Spectrum & Connectivity

The center focuses on developing new solutions that enable communication-intensive applications across large numbers of wireless and mobile devices. These solutions include advanced interference management techniques, better coding and transmission schemes that increase spectral efficiency (bits/s/Hz), scalable protocols for heterogeneous radio networks, and novel protocol and software architectures, particularly cross-layer approaches that work across the traditional network layers. The research targets the licensed cellular networks, technologies operating in the unlicensed bands, emerging frequencies, and dynamic spectrum access.

Research topics

Spinal Codes

Devavrat Shah, Hari Balakrishnan

Spinal codes are a new rateless error correcting code designed to efficiently overcome noise and interference plaguing today's wireless networks. Spinal codes are much faster than existing alternative codes, making it possible to provide increased wireless throughput and coverage with existing radio resources. They also work very well over small message sizes, and over highly variable channel conditions, unlike existing alternatives.

SoftCast: A Cross-Layer Design for Scalable Mobile Video

Dina Katabi

In broadcast and mobile scenarios the bit rate supported by the channel differs across receivers and varies quickly over time. The conventional design however forces the source to pick a single bit rate and degrades sharply when the channel cannot not support the chosen bit rate. SoftCast is a clean-slate design for wireless video where the source transmits one video stream that each receiver decodes to a video quality commensurate with its specific instantaneous channel quality.

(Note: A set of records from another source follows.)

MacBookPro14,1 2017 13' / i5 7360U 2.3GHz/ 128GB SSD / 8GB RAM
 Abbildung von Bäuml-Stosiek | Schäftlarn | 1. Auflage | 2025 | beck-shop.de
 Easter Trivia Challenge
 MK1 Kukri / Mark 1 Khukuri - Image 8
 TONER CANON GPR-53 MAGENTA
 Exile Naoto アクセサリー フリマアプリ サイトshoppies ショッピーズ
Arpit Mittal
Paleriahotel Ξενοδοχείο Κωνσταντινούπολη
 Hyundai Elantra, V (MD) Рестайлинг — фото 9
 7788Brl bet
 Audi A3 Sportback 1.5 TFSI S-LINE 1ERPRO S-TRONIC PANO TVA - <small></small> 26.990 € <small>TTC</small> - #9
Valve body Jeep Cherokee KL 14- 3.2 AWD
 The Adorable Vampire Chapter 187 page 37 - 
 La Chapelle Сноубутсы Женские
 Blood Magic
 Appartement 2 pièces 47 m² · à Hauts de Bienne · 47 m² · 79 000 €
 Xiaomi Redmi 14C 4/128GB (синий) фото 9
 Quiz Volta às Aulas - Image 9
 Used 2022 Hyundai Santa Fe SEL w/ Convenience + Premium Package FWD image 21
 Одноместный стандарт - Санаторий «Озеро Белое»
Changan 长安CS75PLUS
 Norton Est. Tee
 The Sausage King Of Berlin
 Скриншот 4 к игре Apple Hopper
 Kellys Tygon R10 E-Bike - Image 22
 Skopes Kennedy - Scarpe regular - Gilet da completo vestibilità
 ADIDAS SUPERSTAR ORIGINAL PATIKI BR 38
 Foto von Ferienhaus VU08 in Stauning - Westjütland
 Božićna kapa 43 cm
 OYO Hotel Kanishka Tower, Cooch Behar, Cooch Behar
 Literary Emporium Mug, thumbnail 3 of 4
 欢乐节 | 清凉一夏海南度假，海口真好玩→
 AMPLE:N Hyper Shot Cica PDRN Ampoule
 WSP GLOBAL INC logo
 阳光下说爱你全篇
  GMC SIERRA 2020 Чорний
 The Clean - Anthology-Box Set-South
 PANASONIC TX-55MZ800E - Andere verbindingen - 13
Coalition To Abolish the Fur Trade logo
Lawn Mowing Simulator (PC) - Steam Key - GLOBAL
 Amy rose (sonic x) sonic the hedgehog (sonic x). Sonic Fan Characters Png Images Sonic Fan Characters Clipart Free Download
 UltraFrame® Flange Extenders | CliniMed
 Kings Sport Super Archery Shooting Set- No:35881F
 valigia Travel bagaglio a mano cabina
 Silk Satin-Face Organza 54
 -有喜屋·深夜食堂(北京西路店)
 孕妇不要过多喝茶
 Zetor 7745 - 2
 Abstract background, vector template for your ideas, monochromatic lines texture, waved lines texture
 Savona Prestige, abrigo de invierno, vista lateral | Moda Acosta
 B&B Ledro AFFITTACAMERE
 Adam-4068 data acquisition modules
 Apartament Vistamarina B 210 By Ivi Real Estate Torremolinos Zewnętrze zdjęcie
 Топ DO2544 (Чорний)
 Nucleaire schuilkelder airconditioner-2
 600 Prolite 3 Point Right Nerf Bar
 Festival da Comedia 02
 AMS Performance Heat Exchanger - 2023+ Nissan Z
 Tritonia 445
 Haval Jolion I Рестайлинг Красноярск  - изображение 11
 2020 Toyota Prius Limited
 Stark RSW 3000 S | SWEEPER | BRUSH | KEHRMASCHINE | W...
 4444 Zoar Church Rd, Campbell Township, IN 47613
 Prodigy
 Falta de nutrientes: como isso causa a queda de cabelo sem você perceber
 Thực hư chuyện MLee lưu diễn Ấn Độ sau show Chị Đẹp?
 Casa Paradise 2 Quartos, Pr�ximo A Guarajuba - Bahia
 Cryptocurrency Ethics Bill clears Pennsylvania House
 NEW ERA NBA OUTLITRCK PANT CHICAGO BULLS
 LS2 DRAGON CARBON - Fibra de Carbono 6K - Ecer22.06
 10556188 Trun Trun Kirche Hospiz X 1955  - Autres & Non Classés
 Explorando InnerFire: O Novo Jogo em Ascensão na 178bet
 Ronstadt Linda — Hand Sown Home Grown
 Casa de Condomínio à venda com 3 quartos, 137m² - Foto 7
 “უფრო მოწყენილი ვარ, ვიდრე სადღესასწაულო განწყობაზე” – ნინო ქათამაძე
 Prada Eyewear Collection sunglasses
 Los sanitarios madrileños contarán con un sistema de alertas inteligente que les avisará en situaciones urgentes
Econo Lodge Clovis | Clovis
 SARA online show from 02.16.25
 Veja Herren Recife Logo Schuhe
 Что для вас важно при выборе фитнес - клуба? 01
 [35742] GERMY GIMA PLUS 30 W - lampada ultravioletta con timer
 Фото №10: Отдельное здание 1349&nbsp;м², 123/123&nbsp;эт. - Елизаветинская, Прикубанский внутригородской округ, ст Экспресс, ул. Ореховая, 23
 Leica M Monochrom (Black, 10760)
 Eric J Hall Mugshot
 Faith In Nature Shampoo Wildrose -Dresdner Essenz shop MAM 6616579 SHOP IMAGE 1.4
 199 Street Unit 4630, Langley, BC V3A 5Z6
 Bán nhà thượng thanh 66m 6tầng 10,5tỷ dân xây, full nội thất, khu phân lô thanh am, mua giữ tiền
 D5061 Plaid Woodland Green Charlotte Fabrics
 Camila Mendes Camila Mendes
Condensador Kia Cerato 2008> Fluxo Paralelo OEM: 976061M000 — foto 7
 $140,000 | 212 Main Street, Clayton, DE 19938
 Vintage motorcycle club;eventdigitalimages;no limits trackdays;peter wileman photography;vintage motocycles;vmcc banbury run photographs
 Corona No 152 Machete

Efficient and Reliable Backscatter Networks

Dina Katabi

There is a long-standing vision of embedding backscatter nodes like RFIDs into everyday objects to build ultralow power ubiquitous networks. A major problem that has challenged this vision is that backscatter communication is neither reliable nor efficient. Backscatter nodes cannot sense each other, and hence tend to suffer from colliding transmissions. Further, they are ineffective at adapting the bit rate to channel conditions, and thus miss opportunities to increase throughput, or transmit above capacity causing errors.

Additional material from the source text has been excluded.